Manufacture This

The blog of the Alliance for American Manufacturing

Greetings from the Ocean State!

Alliance for American Manufacturing (AAM) Field Coordinators Linda Murch and Rachel Bennett Steury recently attended the Unitarian Universalist Association (UUA) General Assembly in Rhode Island. They weren’t alone, as more than 4,600 delegates from all over the world attended the annual meeting to worship, witness, learn, connect, and vote on UUA policy. And many of them — from as nearby as Providence and far away as Transylvania —came to visit AAM’s booth to talk about jobs, fair trade, and social justice. 

AAM and UUA share a common mission to ensure our trade practices do not disadvantage or exploit working people. It is AAM’s goal to make sure legislators understand that inequality and unfair trade can be a detriment to an economic revival in the US — not to mention a cause environmental, workplace and social degradation overseas. Working people across the globe should be able to make an honest living for themselves, free from fear or exploitation caused by bad policy and political agendas. Unfair trade eliminates common decency and equity from those equations.

At this year’s assembly, delegates approved a 4-year Congregational Study/Action Issue around escalating inequality. It explains:

Upward mobility—the American Dream—has become a myth. Concentration of wealth and power has skyrocketed. King’s dream of justice and equality has fractured. Half of all Americans are impoverished or struggling, as the middle class shrinks and billionaires take the profits.

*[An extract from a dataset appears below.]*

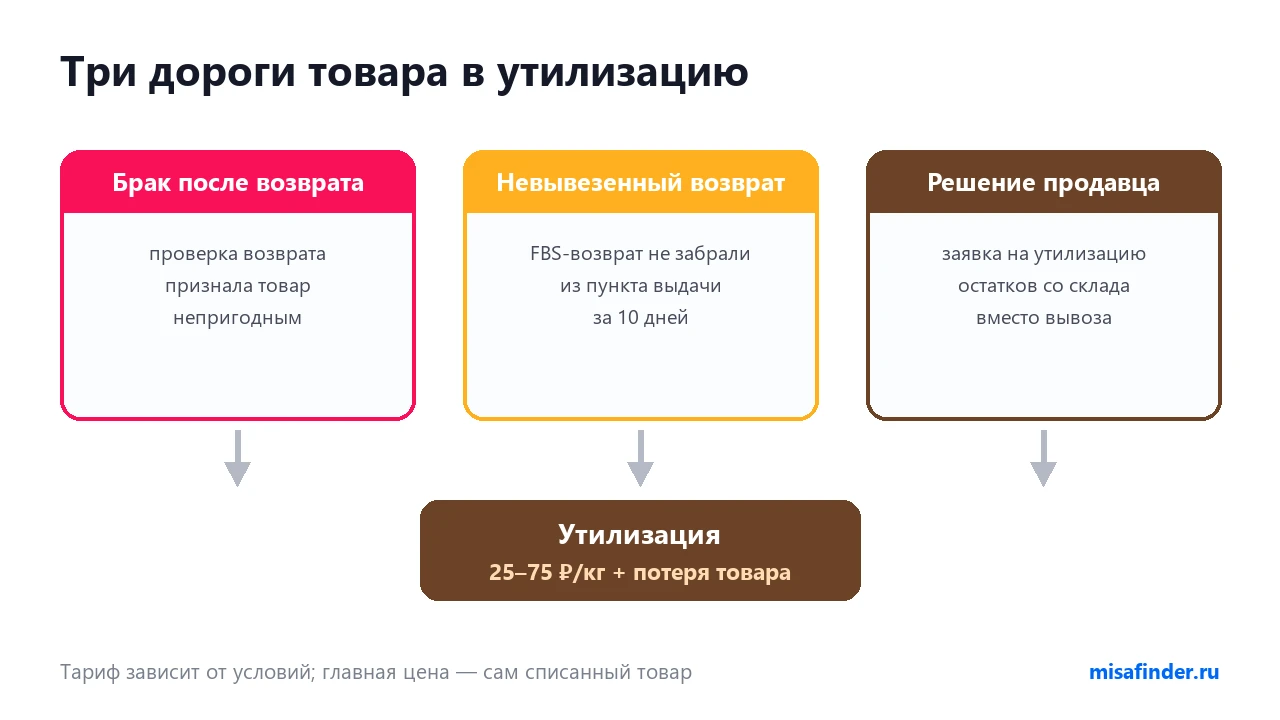 Когда товар на Ozon попадает в утилизацию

Where’s our commitment to the Common Good?

Among many other things, the four-year program will:

Study root causes of inequality, such as corporate globalization, “free trade”, outsourcing, privatization, tax shifting and evasion, subsidies and bailouts, monopoly, suppression of labor, money in politics, “externalizing” social and environmental costs, “free market” / libertarian ideologies, deregulation, unlimited income / wealth.

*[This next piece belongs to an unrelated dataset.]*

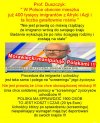 Co na to Konfederosja z haslem "Polska dla Polakow!"?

We are pleased to be aligned with an organization that doesn’t stand on the sidelines but instead stands up, stands tall, and works toward justice. Congratulations to the Unitarian Universalists for a Just Economic Community for their tireless efforts addressing inequality through this study. Together we can make a difference.

This post was authored by AAM Field Coordinator Rachel Bennett Steury.

Linda is pictured with Dale McCormick, a delegate from Maine, a good example of someone living through Unitarian Universalist principles for social justice, women’s rights, and political activism.